Medicine Man In Denver Opens New Aurora Store And Weighs Selling Out

Shandar

New Member
Aurora - The place was a grease pit. Now look at it: Wall panels made of reclaimed pine beetle-kill wood. Empty glass cases ready to be filled. An ATM just delivered. And $100,000 worth of bulletproof windows, frosted to shield prying eyes from the product.

On the late November day before the opening of Medicine Man's second recreational marijuana store, Andy Williams is on the phone with a guy trying to sell him a sound system. Someone is always trying to sell him something.

He puts down the phone to welcome a would-be customer, the third to stop by in the last 15 minutes wanting to make a purchase.

The man is uninterested in the cut-rate deals available at the flagship store, in Denver, or waiting a day for the Aurora grand opening.

"It's a today thing," the guy says, shuffling out.

This is full circle, in a way, for the family behind a company that wants to be the Costco of weed, delivering high quality at low prices.

A year earlier, co-owners and brothers Andy and Pete Williams were rushing to convert their Denver medical marijuana operation into one that also sold recreational marijuana – essentially the same product at higher prices and taxes to a large number of out-of-state tourists.

That gambit succeeded beyond expectations. The Williams family's bet on their business plan, tolerance for risk and willingness to be open about their financial books and personal lives have paid off.

Nearly a year into the first legal recreational marijuana retail sales on the planet, Medicine Man is one of the names that is talked about when people talk about Colorado's grand experiment in legalization.

There have been ups and downs: For every five minutes of fame on national TV, an employee's bank account closed without explanation. For every new consulting gig, another stress-induced fainting spell.

Some dreams fast-tracked, others delayed.

Even as Andy prepared to open his new recreational store in a building that used to house a fast-food joint at a prime Aurora intersection, bigger things weighed on his mind.

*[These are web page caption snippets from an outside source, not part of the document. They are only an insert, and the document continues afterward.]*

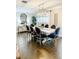 Elegant dining room with stylish seating, modern chandelier, and hardwood floors at 5871 Oakhurst Dr, Seminole, FL 33772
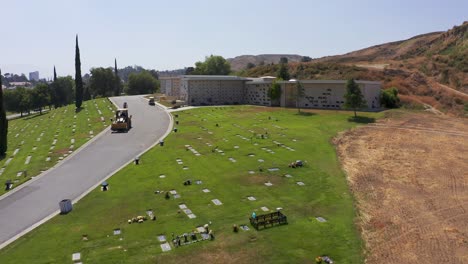 Low-push-in-aerial-shot-of-a-stone-mausoleum-at-a-mortuary-in-California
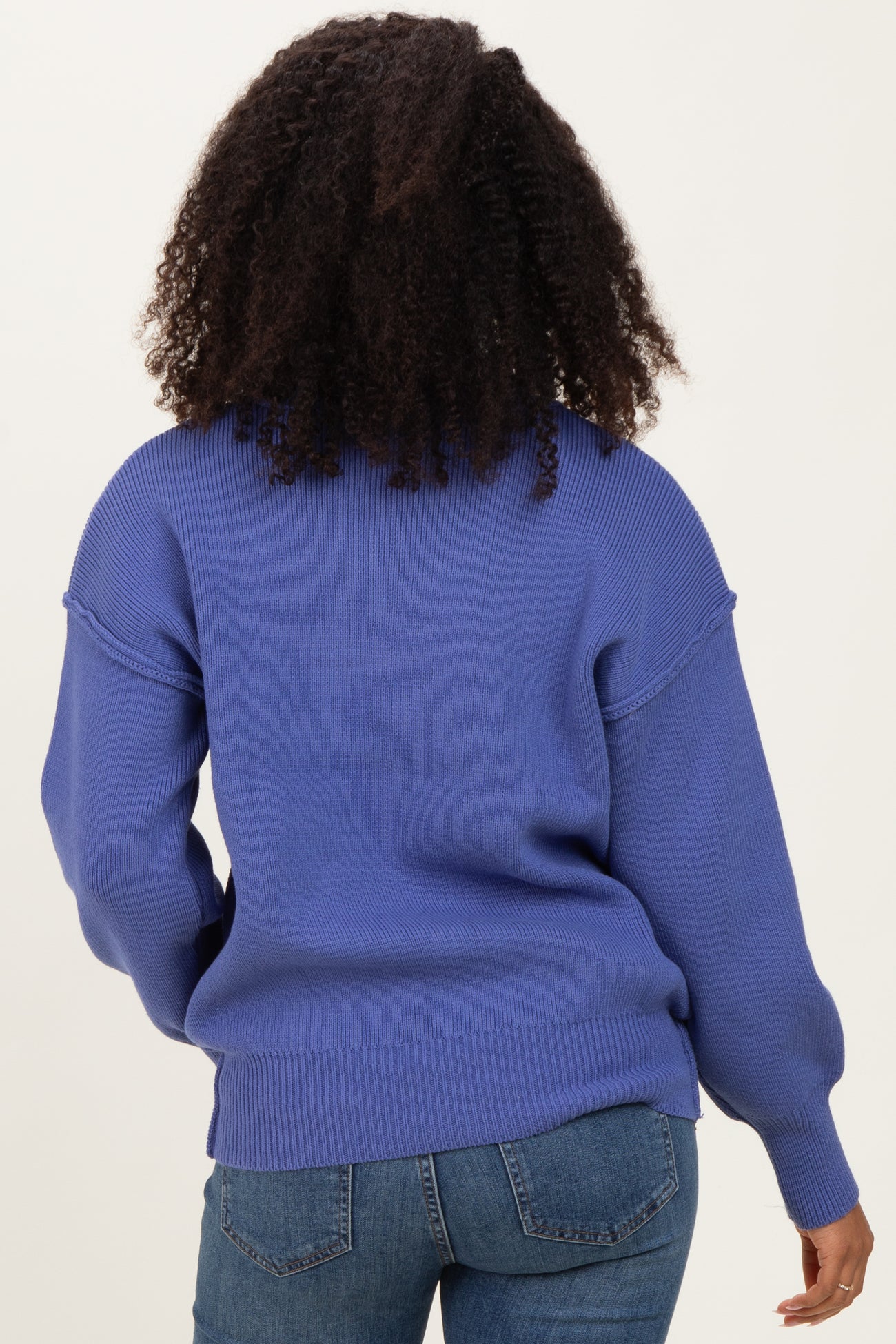 woman wearing a blue oversized sweater with ribbed detailing, viewed from the back, paired with denim jeans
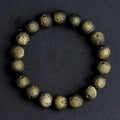 Natural obsidian crater ball bracelet with a ground texture in silver stone or gold colours on a wrist.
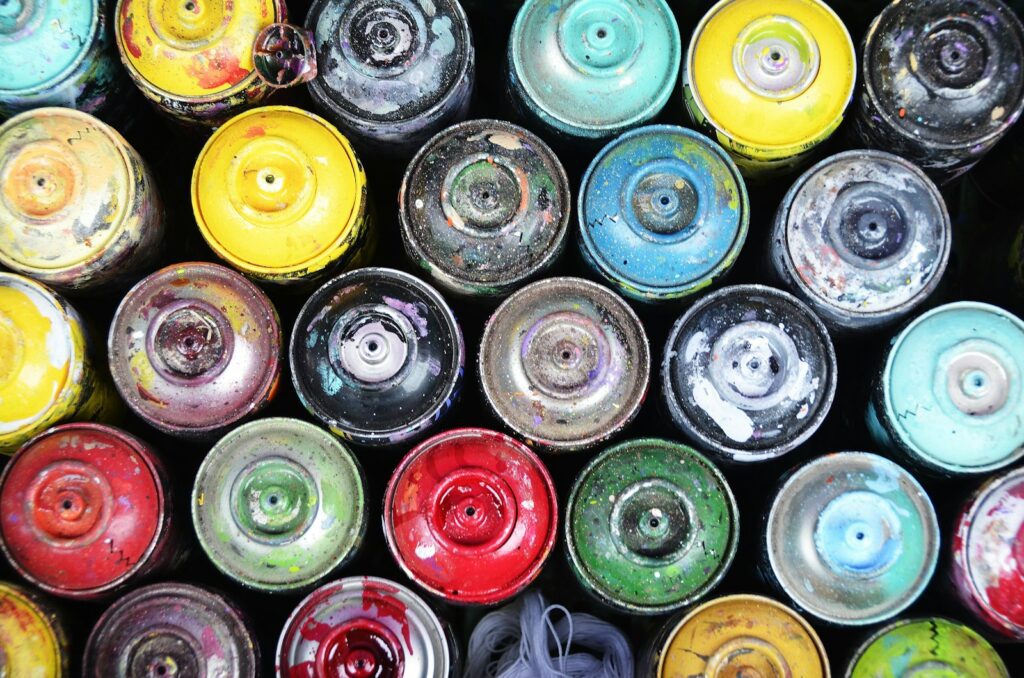 A collection of colorful, used spray paint cans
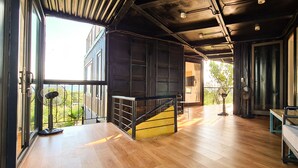 A spacious room with a wooden floor, a staircase, and large windows offering a view of greenery. - Tuan Chau Ruby Villa (Tuan Chau)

He and his relatives are deep in negotiations to give up a majority stake in the company.

One of the pioneering families of Colorado pot is ready to sell out.

Unused for years

The abandoned truck stop north of Pueblo has a whiff of decay. On a mid-May morning, Andy Williams tours a broken-down building that has sat unused for years off Interstate 25.

He walks past the remains of a pie rack, a tipped-over miniature Christmas tree and a Gideon Bible open on a table.

The ceiling tiles are yellow and water-damaged. Up a staircase are 24 motel rooms and two suites, if bigger motel rooms can be called that.

"You can't see how it is," Andy says. "You have to see it for what it's going to be."

What Andy Williams sees is the Medicine Man Truck Stop, a bustling center of marijuana commerce with a recreational store, a motel crash pad for truckers and pot tourists, and possibly a new edibles-manufacturing arm operating out of the industrial kitchen.

If all goes as planned, Pueblo County will become Medicine Man's next flag in the ground in Colorado.

After opening Jan. 1 for recreational sales at its sole location in Denver, the Williams family is in the market for another.

It's a 20-minute drive from the truck stop to a 5-acre parcel with views of the Sangre de Cristo range. The location is top secret.

Andy is traveling with a prospective business partner, Len Toews, who found the land. Toews developed an expertise in high-tech tomato farming in Vancouver, B.C., and now he plans to bring the same principles to Colorado's new cash crop.

"I told them, 'Guys, where do we grow lilies and roses and greenhouse tomatoes and peppers?' " says Toews, who lives on a Weld County farm. " 'Do we grow them in a greenhouse or a warehouse?' We grow them in greenhouses, and there's a reason for that."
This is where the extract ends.